Chrome adding Origin header to same-origin request

Question

We're POSTing an AJAX request to a server running locally, i.e.

xhr.open("POST", "http://localhost:9000/context/request");
xhr.addHeader(someCustomHeaders);
xhr.send(someData);

The page that this javascript is being executed is also being served from localhost:9000, i.e. this totally looks like a same-origin request.

However, for some reason, Google Chrome always sets an Origin header in the resulting request, causing our server to block the request based on the false assumption that it's CORS request.

This does not happen in Firefox.

Also, neither Firefox nor Chrome are sending an OPTIONS preflight request, which is confusing; why set an Origin header without first preflighting to make sure the the Origin and the Custom headers are allowed by the server?
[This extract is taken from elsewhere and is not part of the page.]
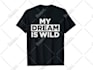 do custom tshirt design for merch by amazon, etsy, shopify, printful, teespring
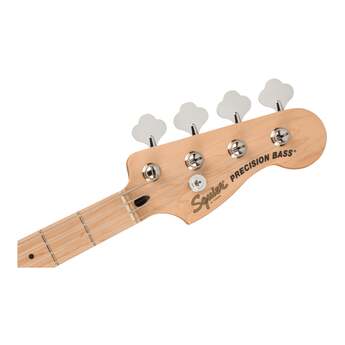 Squier Affinity Series Precision Bass PJ Pack, Black with Gig Bag and Rumble 15 Amp (120V) — thumbnail 9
Does anyone know what is going on in this case? Are we misunderstanding the CORS spec?

Answer 1

Chrome and Safari include an Origin header on same-origin POST/PUT/DELETE requests (same-origin GET requests will not have an Origin header). Firefox doesn't include an Origin header on same-origin requests. Browsers don't expect CORS response headers on same-origin requests, so the response to a same-origin request is sent to the user, regardless of whether it has CORS headers or not.

I would recommend checking the Host header, and if it matches the domain in the Origin header, don't treat the request as CORS. The headers look something like this:

Host: example.com
Origin: http://example.com

Note that Origin will have the scheme (http/https), domain and port, while Host will only have the domain and port.